Signe is a PhD Candidate in the Department of Political Science. She is a feminist scholar of global political economy, with interest in the ways that systems of race, gender and class are integral to the reproduction of and resistance to economic systems. Her interdisciplinary work draws also from development studies as well as economic anthropology. Her dissertation project, Fearless Girls and Winning Women: The Politics of Inclusion in Finance after 2008, uses ethnographic and qualitative methods to examine gender diversity programs in the decade following the 2008 financial crisis. This work has been supported by funding from the Social Science Research Council. Her chapter on “Feminist and Gender Studies Approaches to Financialization” appears in the Routledge International Handbook of Financialization (2020).
Signe finished coursework for the certificate in 2020.

Chanel completed her BA in Sociology at Buffalo State College, and her MA in the Social Sciences at the University of Chicago. She is currently in the Sociology PhD program at UMass Amherst, focusing on the experiences, identities, and empowerment of members of the African diaspora. Her research interests include cultural studies, social movements, black feminism, race, and qualitative methods

I am a sociologist and feminist scholar who examines how inequalities manifest at every stage of human reproduction, including family formation, parenting, and abortion. My dissertation examines how race, class, and gender shape trans women's ability to 1) become parents, and 2) sustain families. Using semi-structured interviews with 60 transgender women of diverse racial and class backgrounds, I explore how interpersonal relationships (i.e., with partners and communities) and institutional contexts (i.e., employment, health care, and the law) produce and reinforce these disparities. This project is funded by the American Sociological Association and the UMass Center for Research on Families.

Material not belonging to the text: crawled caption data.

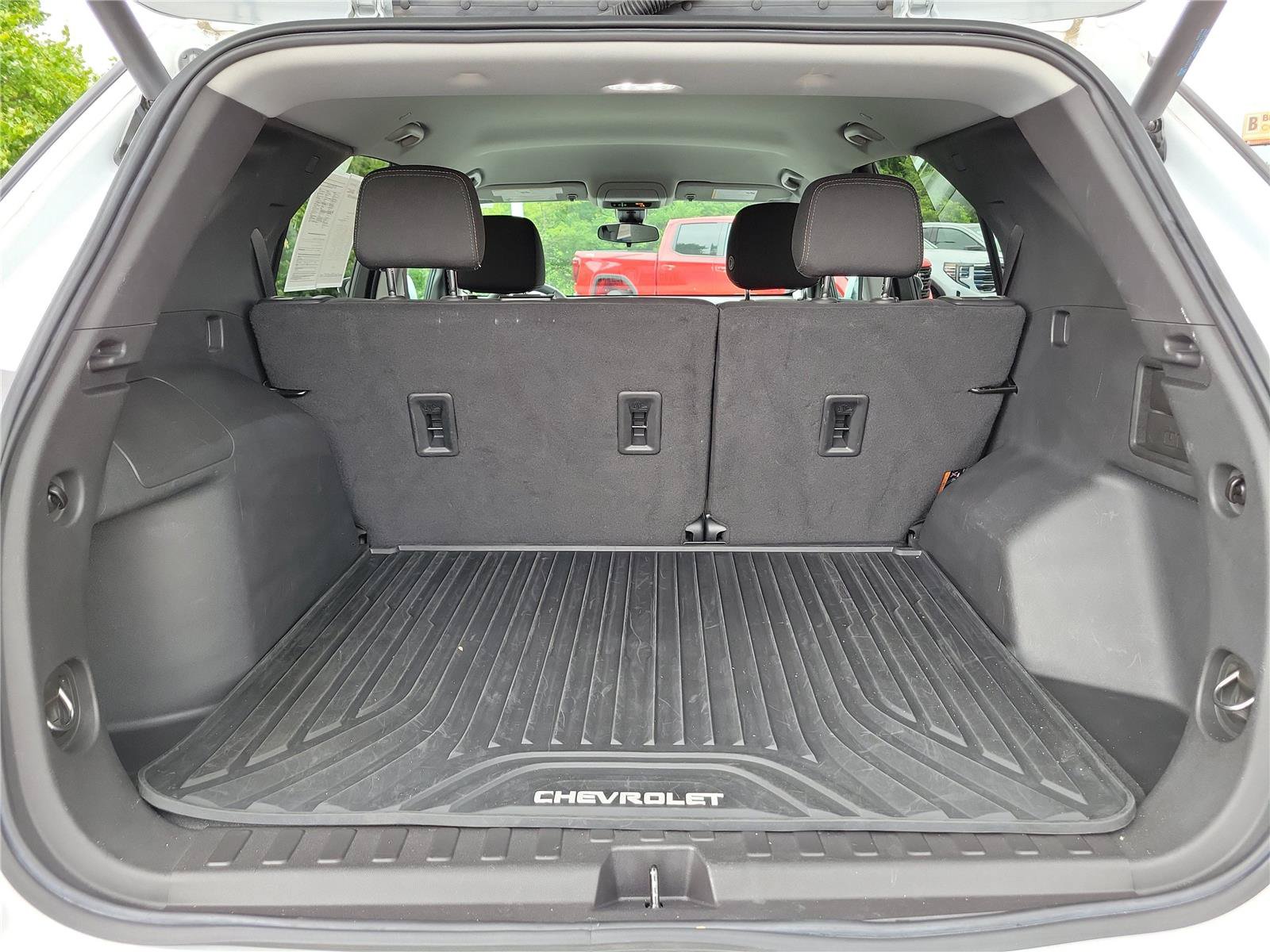 Used 2024 Chevrolet Equinox LT FWD image 10
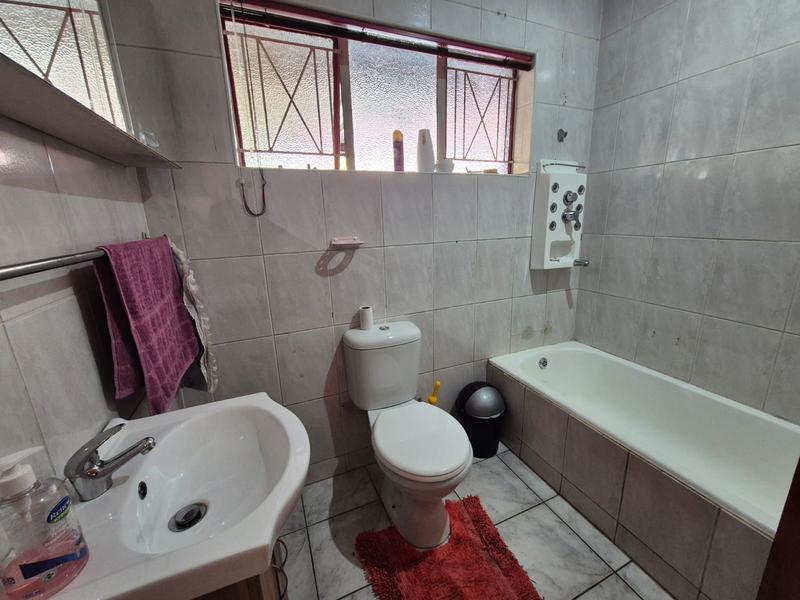 4 Bedroom Property for Sale in General Albertspark Gauteng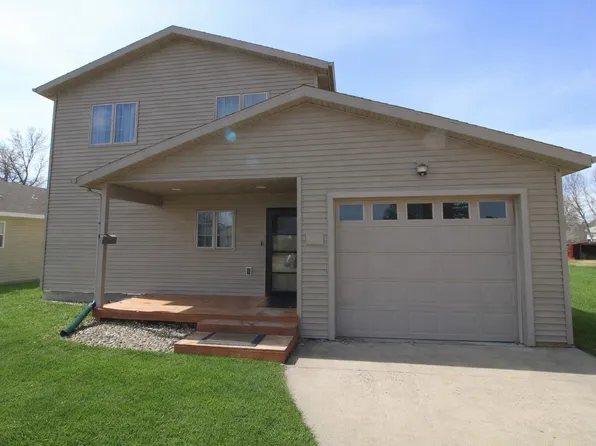 609 11th St NW, Minot, ND 58703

Derek finished coursework for the certificate in 2019.
Jia Zhang is a doctoral student in the W.E.B. Du Bois Department of Afro-American Studies. Jia’s research project examines the gender politics of the Black Arts Movement with its connections to Maoist China. Through feminist methodologies, her project centers gender politics on the family structures in Maoist China and the BAM and runs its analysis into the gendered elements that constitute a family and a society.